| SOURCE INFORMATION |
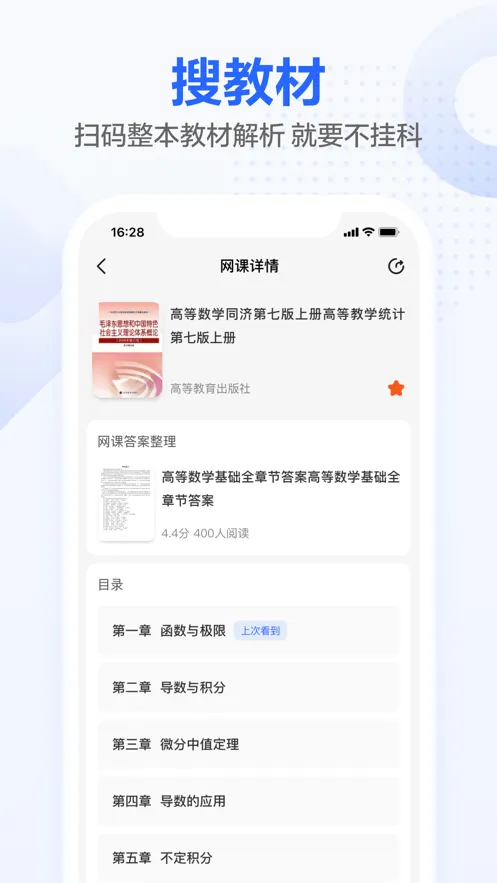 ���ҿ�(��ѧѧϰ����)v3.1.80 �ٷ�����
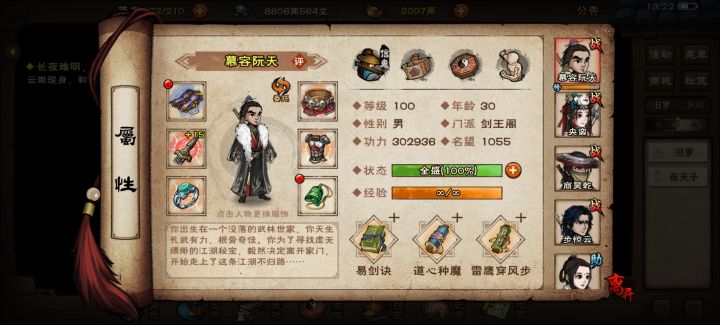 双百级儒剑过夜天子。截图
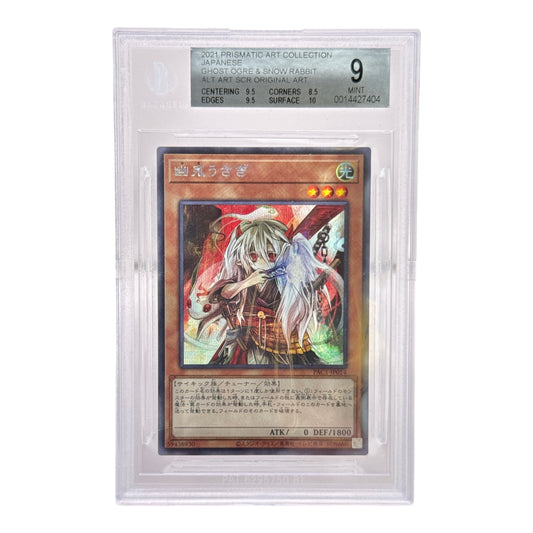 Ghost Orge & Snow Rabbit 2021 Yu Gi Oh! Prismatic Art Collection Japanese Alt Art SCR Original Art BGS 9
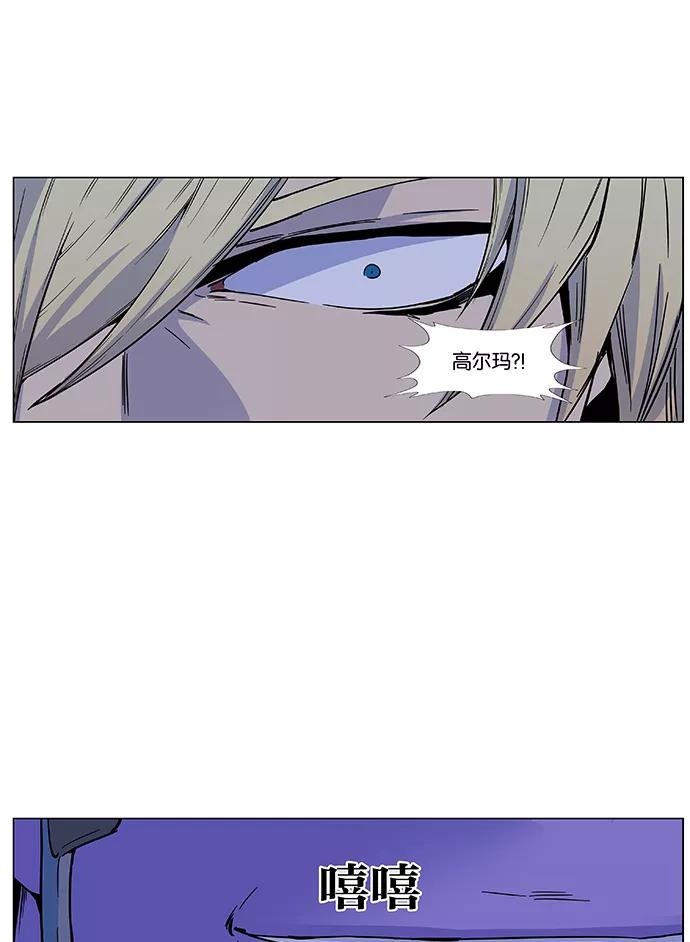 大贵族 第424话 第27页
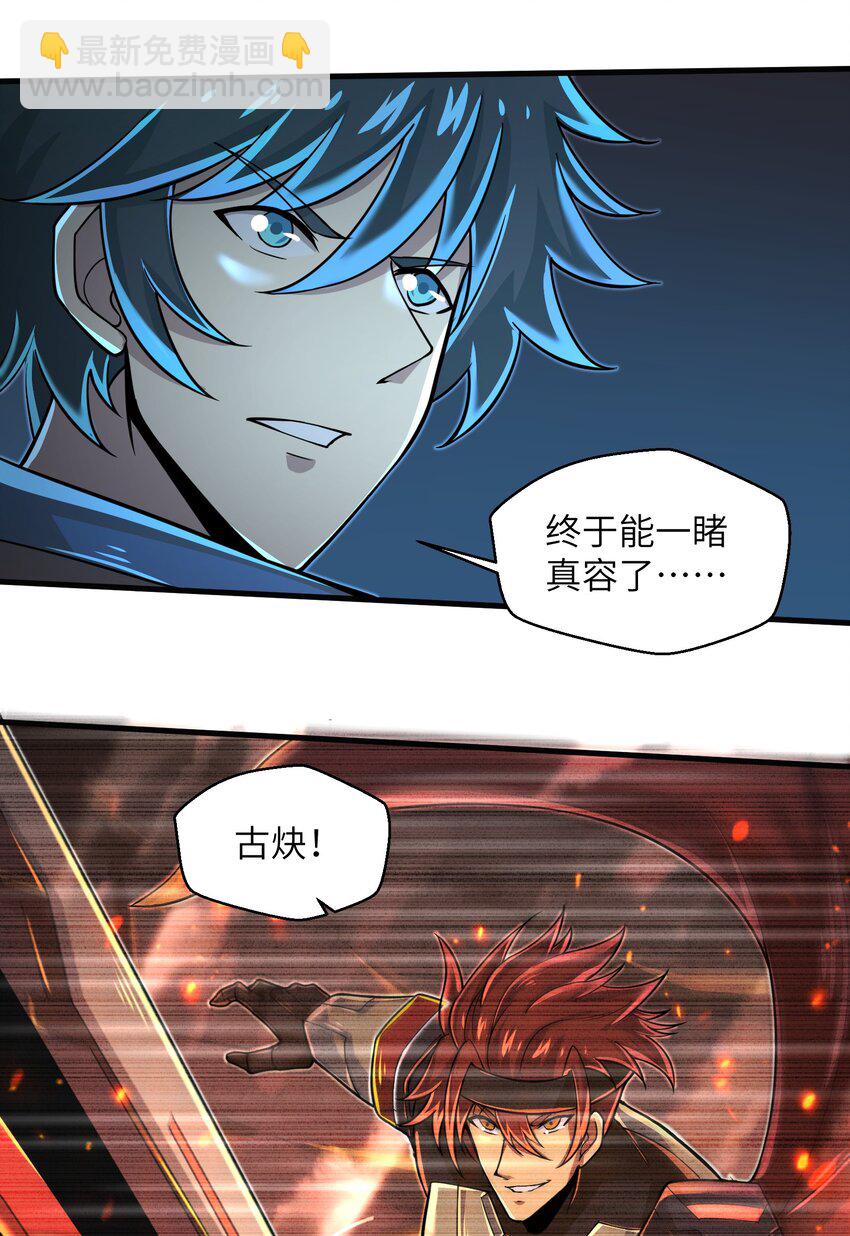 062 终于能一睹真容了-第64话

==

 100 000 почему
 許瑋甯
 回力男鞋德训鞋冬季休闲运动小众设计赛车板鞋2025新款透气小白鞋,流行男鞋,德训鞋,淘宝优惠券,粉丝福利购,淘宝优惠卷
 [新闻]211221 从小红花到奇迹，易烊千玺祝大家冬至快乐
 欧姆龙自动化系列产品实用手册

--

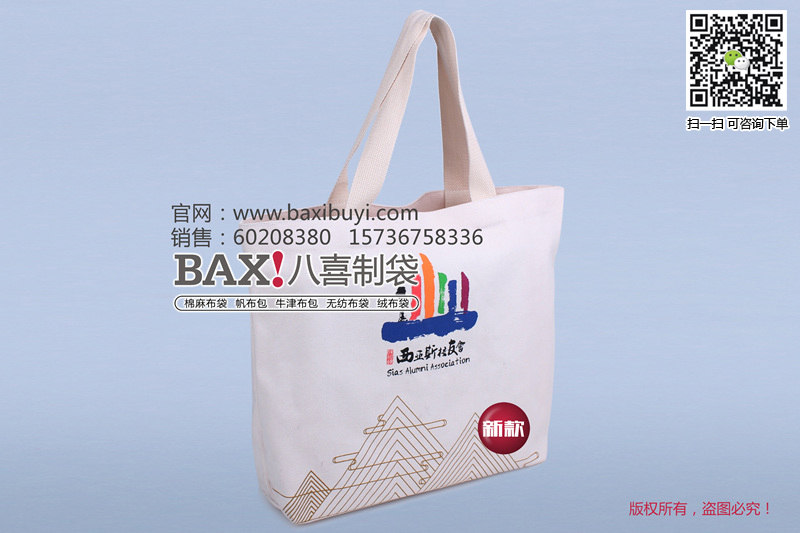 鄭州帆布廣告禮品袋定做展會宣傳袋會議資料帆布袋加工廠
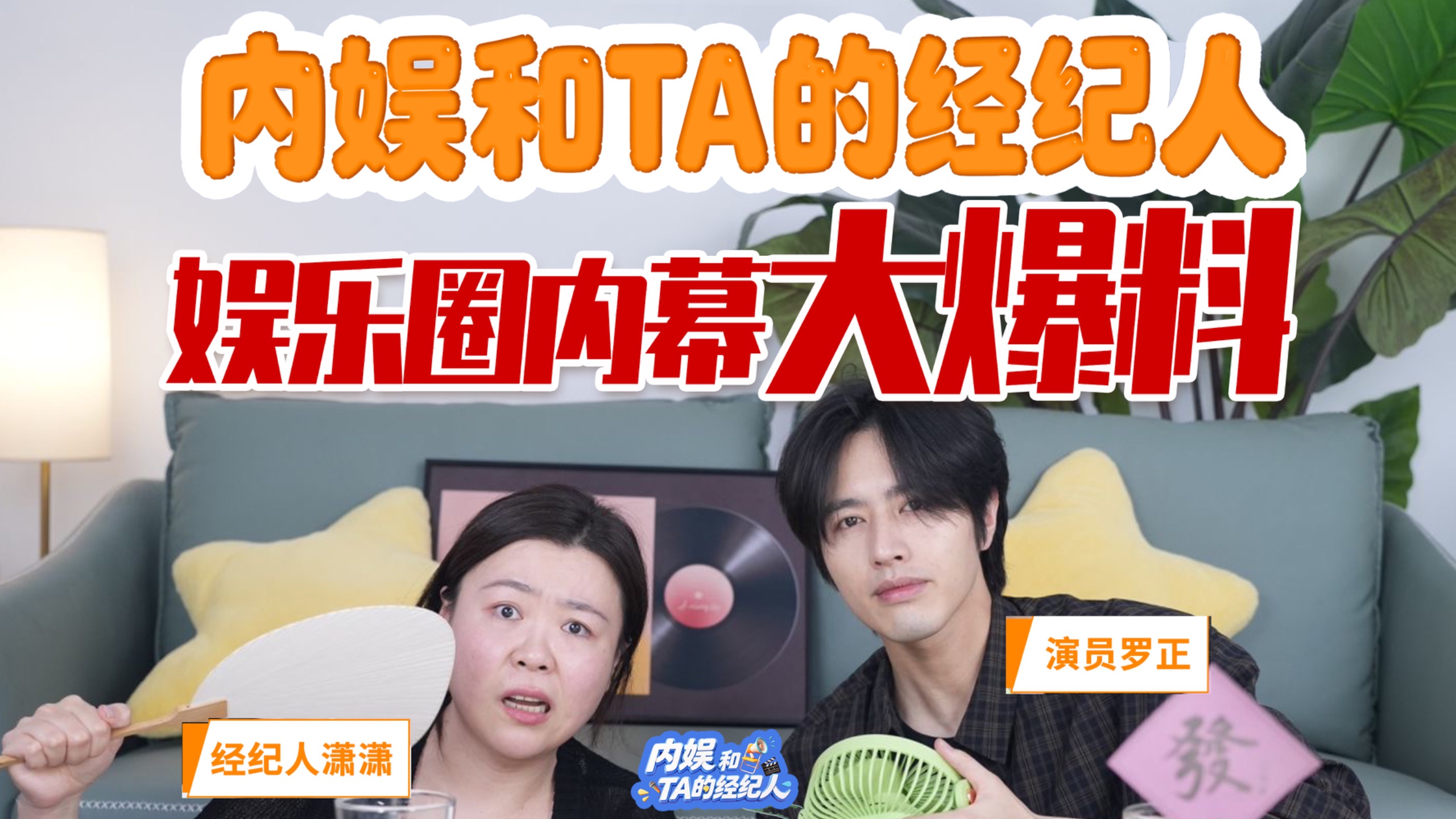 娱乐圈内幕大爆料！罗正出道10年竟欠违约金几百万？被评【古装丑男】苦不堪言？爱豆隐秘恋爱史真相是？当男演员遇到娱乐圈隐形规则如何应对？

| ACTIVITY |
Using the listing above, copy exactly the line that contains "[新闻]211221 从小红花到奇迹，易烊千玺祝大家冬至快乐", the line that contains "欧姆龙自动化系列产品实用手册", and each line that falls between them.

| ANSWER FOR THE TASK |
 [新闻]211221 从小红花到奇迹，易烊千玺祝大家冬至快乐
 欧姆龙自动化系列产品实用手册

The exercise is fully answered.